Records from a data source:
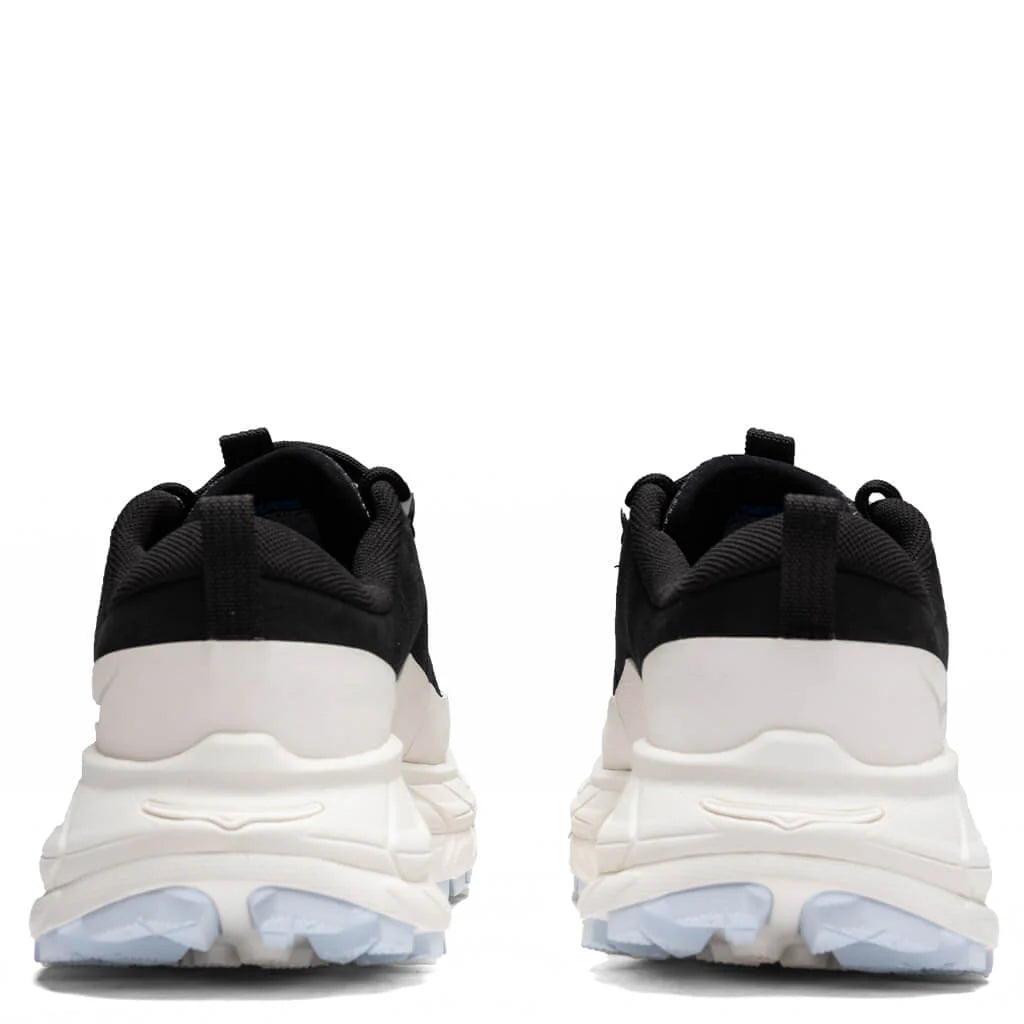 Hoka x Hidden Characters Tor Summit Snow White Black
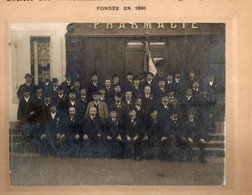 Delcampe - S 4  - 741   -   DIGOIN     -  ( 71 )     -    Société  Des  Combattants  De  1870 - 71 De  Digoin  - - Digoin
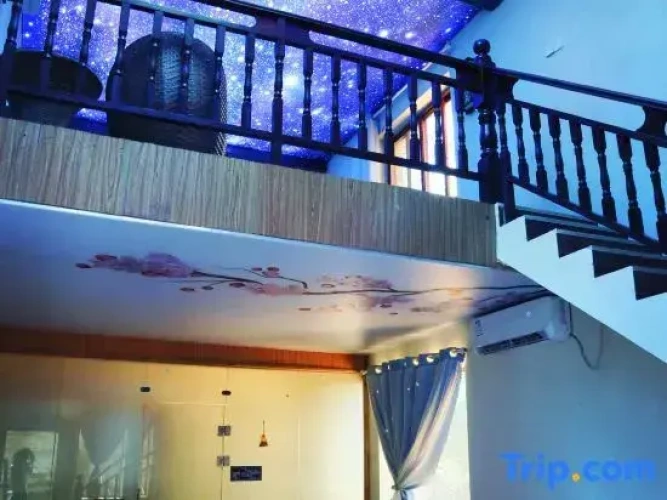 Standard Double Duplex room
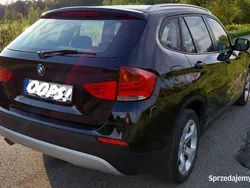 Czarny Używany 2011 BMW 118 Hatchback | 35 000 zł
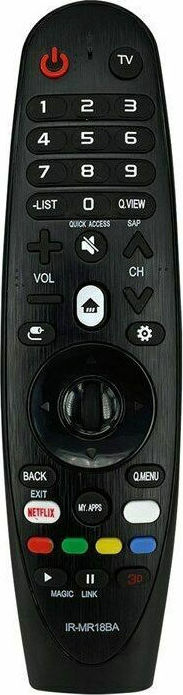 LG IR-MR18BA Τηλεχειριστήριο LG IR-MR18BA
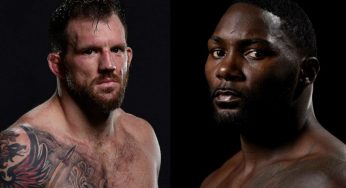 Ryan Bader encara Anthony Johnson no UFC on FOX 18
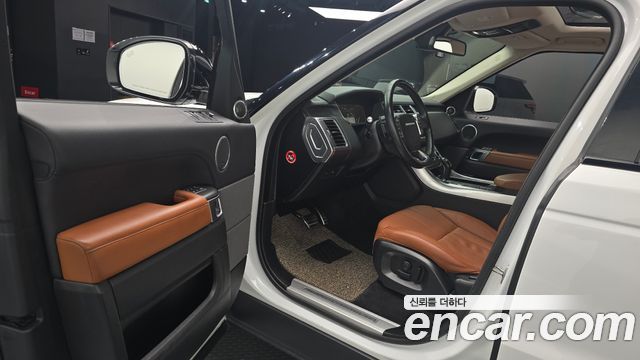 Land Rover Range Rover Sport (II) 3.0 SDV6 HSE Dynamic 2016 — фото 11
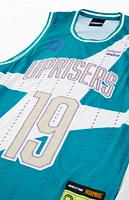 UPRISERS Family Drive x Overtime Basketball Jersey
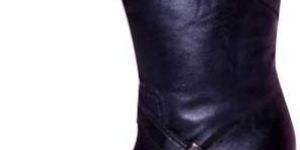 Ladies Leather Boots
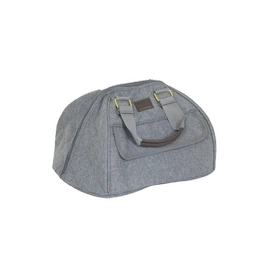 Kentucky Torba na kask - szara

* [Problem requirements]: Return every record exactly, minus the pictures.

* [Response to the exercise]:
 Hoka x Hidden Characters Tor Summit Snow White Black
 Delcampe - S 4  - 741   -   DIGOIN     -  ( 71 )     -    Société  Des  Combattants  De  1870 - 71 De  Digoin  - - Digoin
 Standard Double Duplex room
 Czarny Używany 2011 BMW 118 Hatchback | 35 000 zł
 LG IR-MR18BA Τηλεχειριστήριο LG IR-MR18BA
 Ryan Bader encara Anthony Johnson no UFC on FOX 18
 Land Rover Range Rover Sport (II) 3.0 SDV6 HSE Dynamic 2016 — фото 11
 UPRISERS Family Drive x Overtime Basketball Jersey
 Ladies Leather Boots
 Kentucky Torba na kask - szara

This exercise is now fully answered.